Review: The Doomsday Spiral

The Doomsday Spiral

Some content creators have first works that are rough around the edges. Some start off strong and get weaker. Some, like Billy Joel in the psychedic-progressive-just-a-keyboardist-and-a-drummer Atilla, are vastly different from their subsequent and most famous pieces. So I decided to read Jon Land’s first novel, The Doomsday Spiral, and see where it fell.

The book roars out of the gate as Israeli super-vigilante “Alabaster” must stop a plot by the Palestinian “Red Prince” to neutralize the Americans so that they can deal with the Israelis later (the Red Prince must have gotten his lessons in target priorities from the Red Storm Rising Politburo). This could have been a middle-of-the-road “shoot the terrorist” novel. It wasn’t.

By Jon Land standards, fighting a giant man with a chainsaw (as happens in this book) is pretty tame. By normal thriller standards, especially the kind of thrillers I call “supermarket novels”, it’s delightfully out there.

I saw pretty much every plot device used in subsequent Land novels. The superpowered main character. The over-the-top ridiculousness of it all. The conspiracy-in-a-conspiracy. The inevitable action scene against a particularly tough level boss antagonist. An overall feeling of swinging back and forth between “awesomely stupid” and “stupidly awesome.” I’d say it’s formulaic, but when part of the formula is “ridiculous stuff happens”, it doesn’t feel so bad as long as Land can deliver. And here he does.

Review: Fortunes of War

Fortunes of War

While Stephen Coonts is one of the classic technothriller writers, I’d actually never read any one of his books in full until now. Picking Fortunes of War, a late 1990s technothriller after his sales had peaked, is kind of like wanting to start listening to Yes with Big Generator.

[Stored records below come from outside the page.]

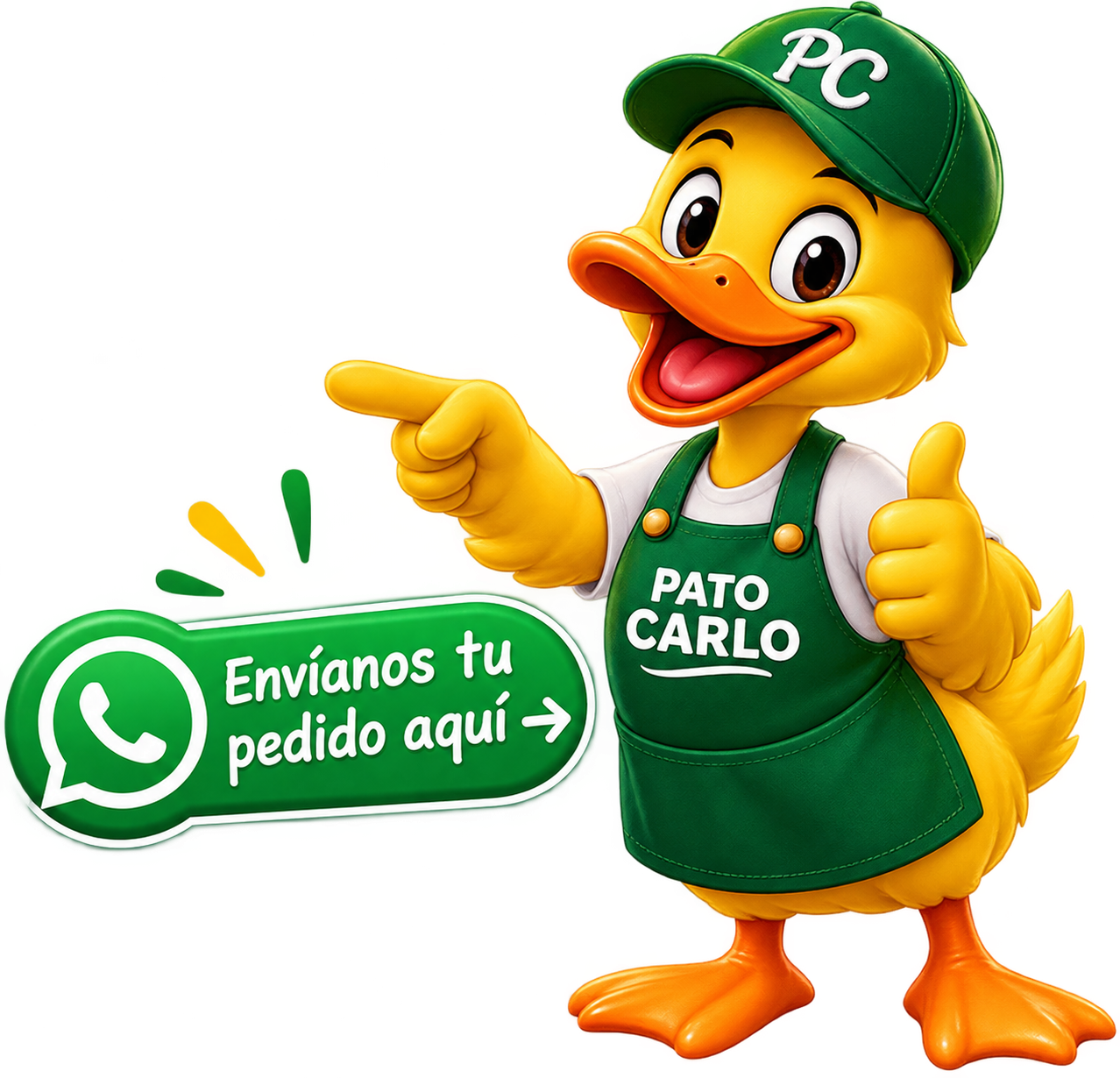 Pato Carlo te invita a enviar tu pedido por WhatsApp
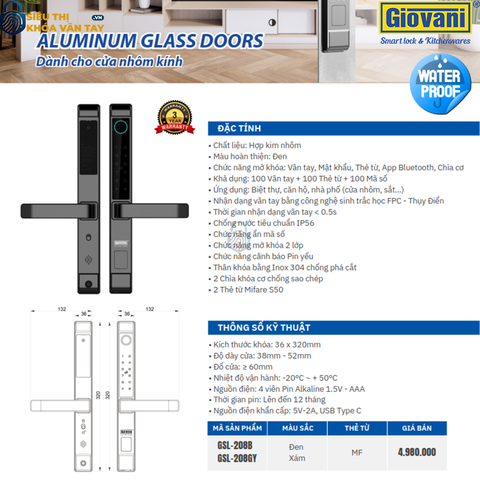 Khóa vân tay  Giovani cửa nhôm GSL - 208B màu đen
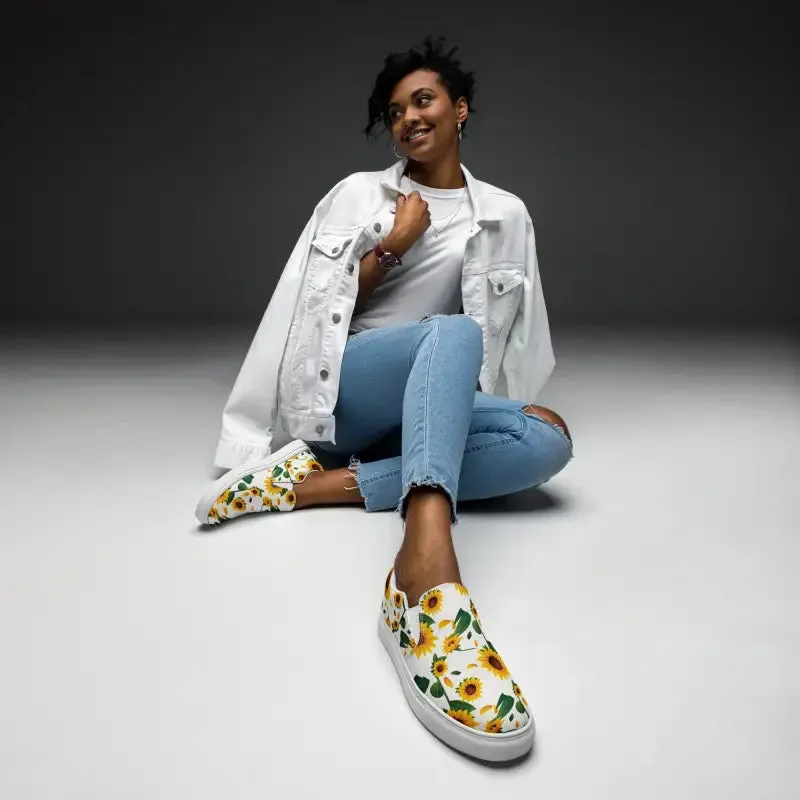 Sunflower Canvas Shoes Women Slip on Yellow Sunflowers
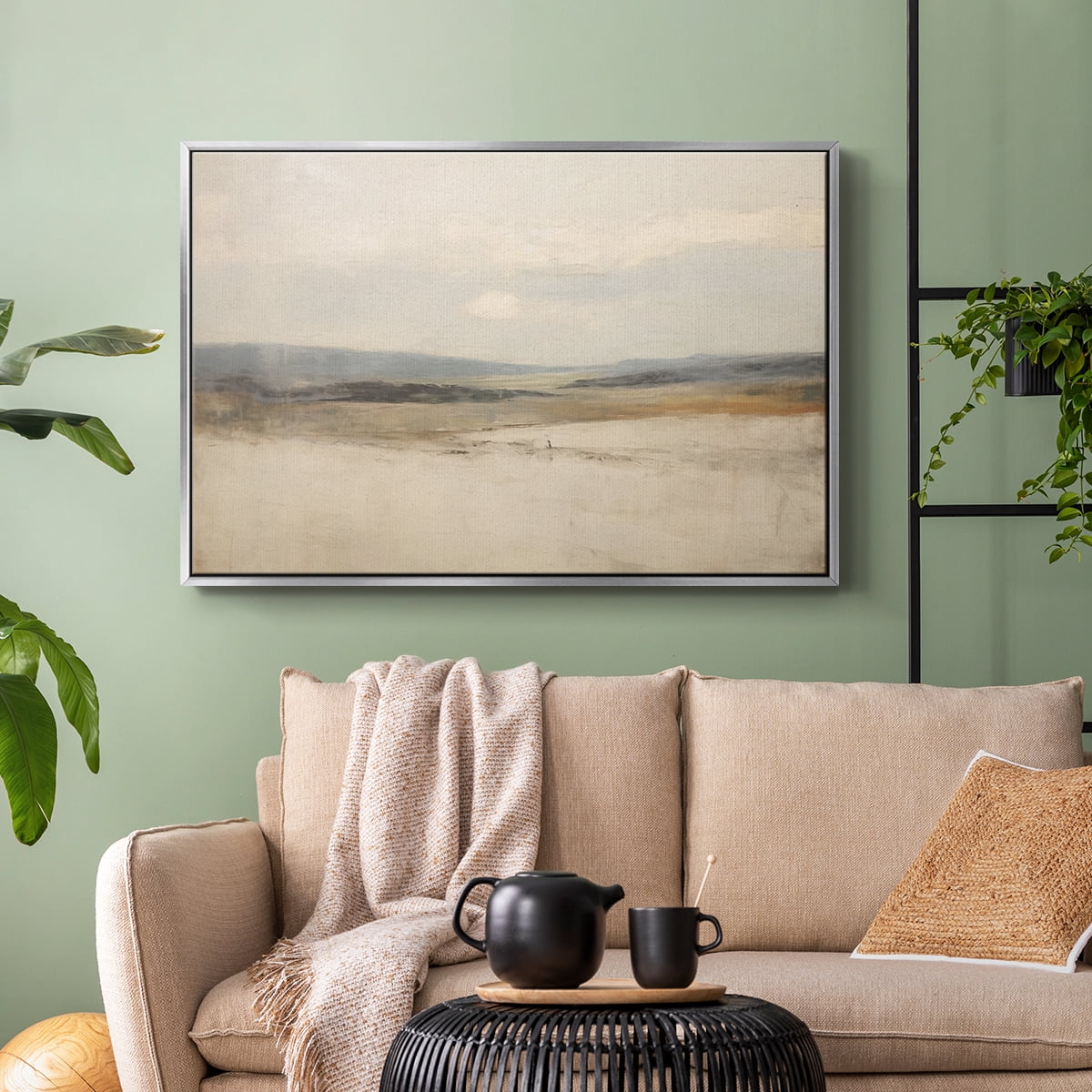 Vintage Landscape-X By Wexford Home Framed in Silver Wood Gallery Wrapped Canvas 25 in. x 37 in.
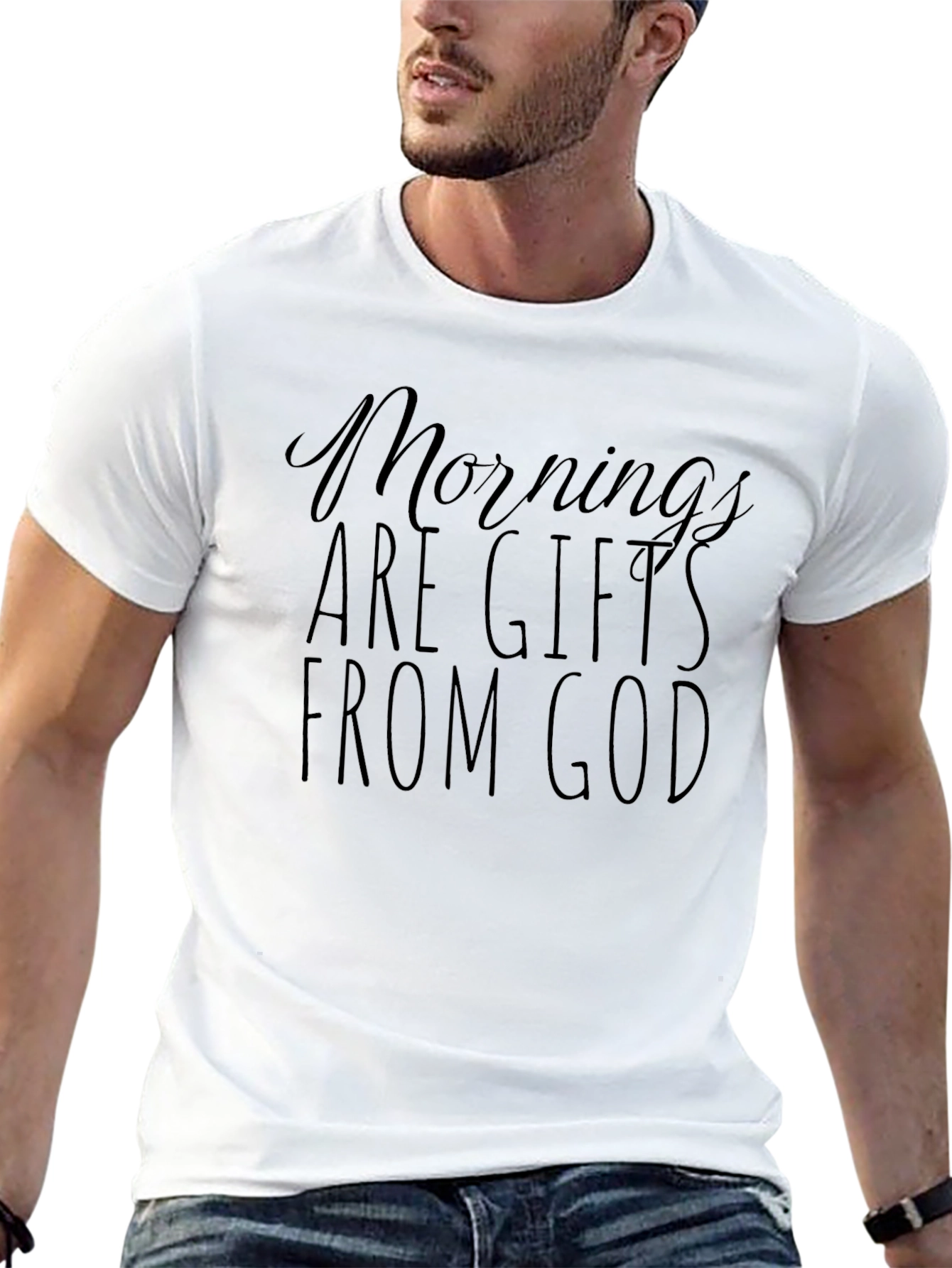 Mornings are Gifts from God T-Shirt - Black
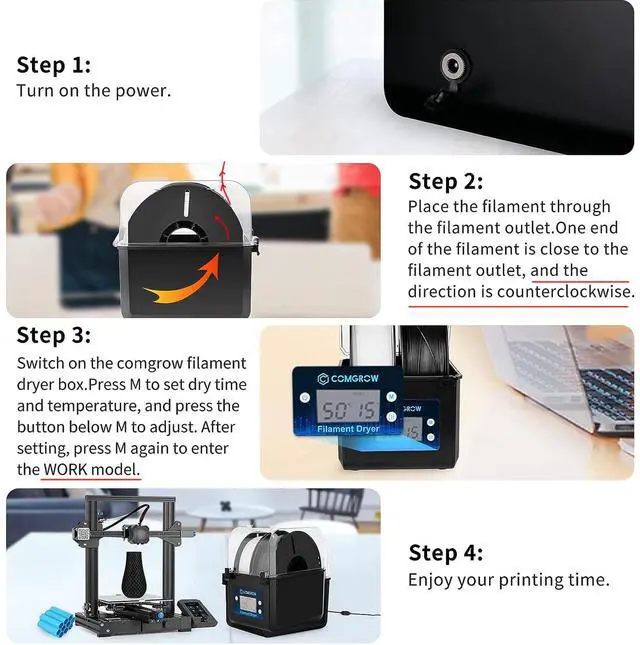 Alt view image 4 of 7 - 3D Printer Filament Dryer Box, Comgrow 3D Filament Storages, Keeping Filaments Dry During 3D Printing, Compatible with 1.75mm/2.85mm PLA ABS Material, Filament Dehydrator, Spool Holder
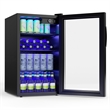 Pemberly Row 120 Can Beverage Refrigerator Wine Soda Drink Cooler Mini Black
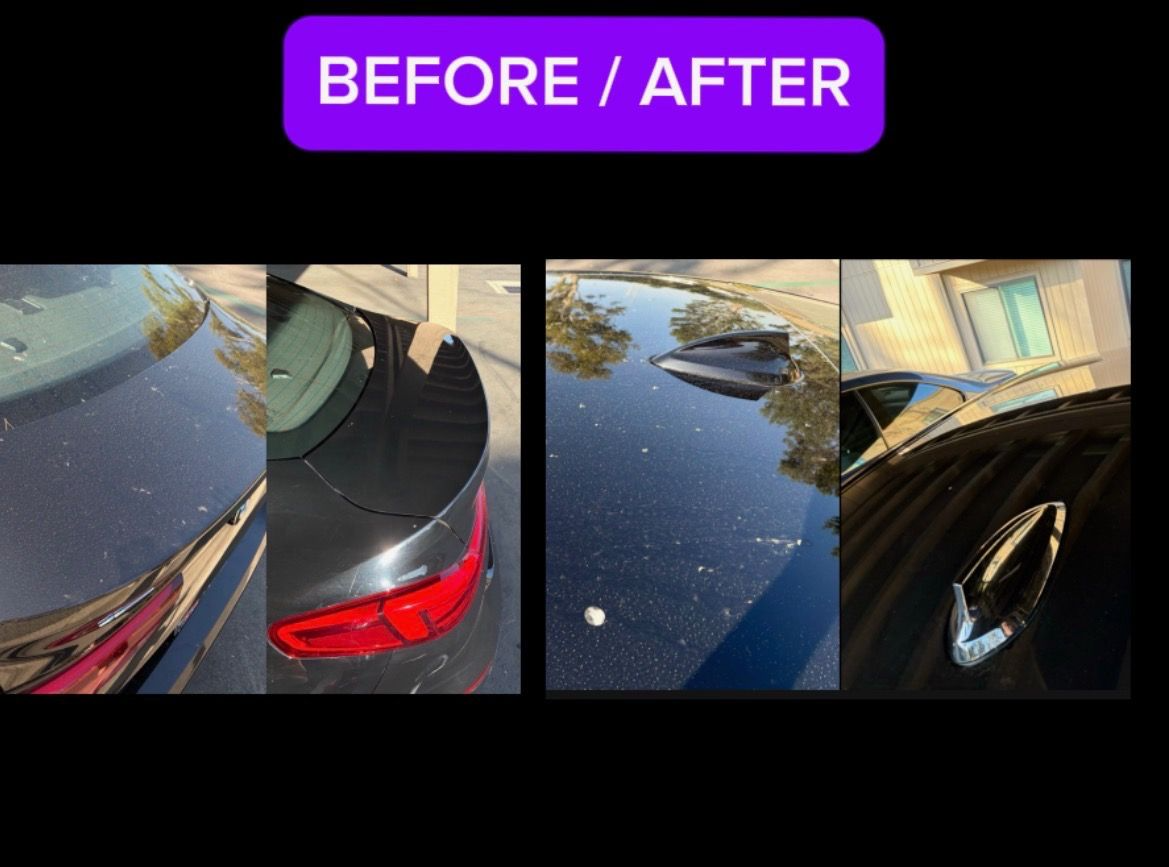 Before and after comparison of professional auto detailing showing dramatic improvement on car exterior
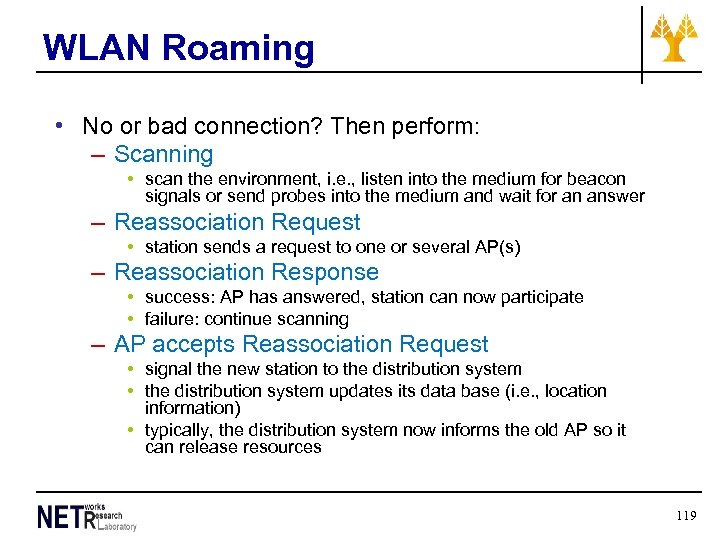 WLAN Roaming • No or bad connection? Then perform: – Scanning • scan the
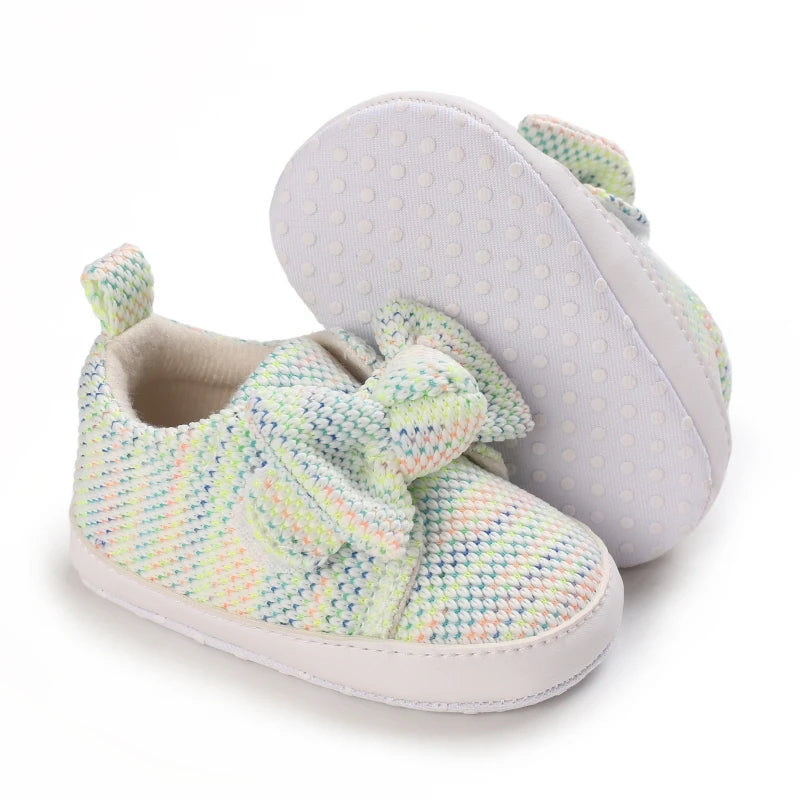 0-18 Months Infant Spring Shoe Newborn Infant Girls and Boys Recreational Baptism Non-Slip Walking Shoe White Soft-soled Sneaker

Now that that shoved-in prog rock reference is out of the way, I was interested in this because of its depiction of a second Russo-Japanese War. One of my Command Live scenarios deals with such a thing itself, so I was curious to see how a spectacularly successful author handled it.

Who and What

Let’s see, an unconventional opponent (Japan) with some sort of super-gimmick weapon (Super fighter aircraft),  attacks a helpless Russia for zombie-sorceress induced reasons. This is very 1990s technothriller. In fact, this is one of the most 1990s technothrillers that ever technothrilled in the 1990s, even more so than poster child Cauldron. The 90s contrivances are there, and the technothriller “snapshot and superweapons” model, going from aircraft to submarines to dogfights to knife/fistfights is there.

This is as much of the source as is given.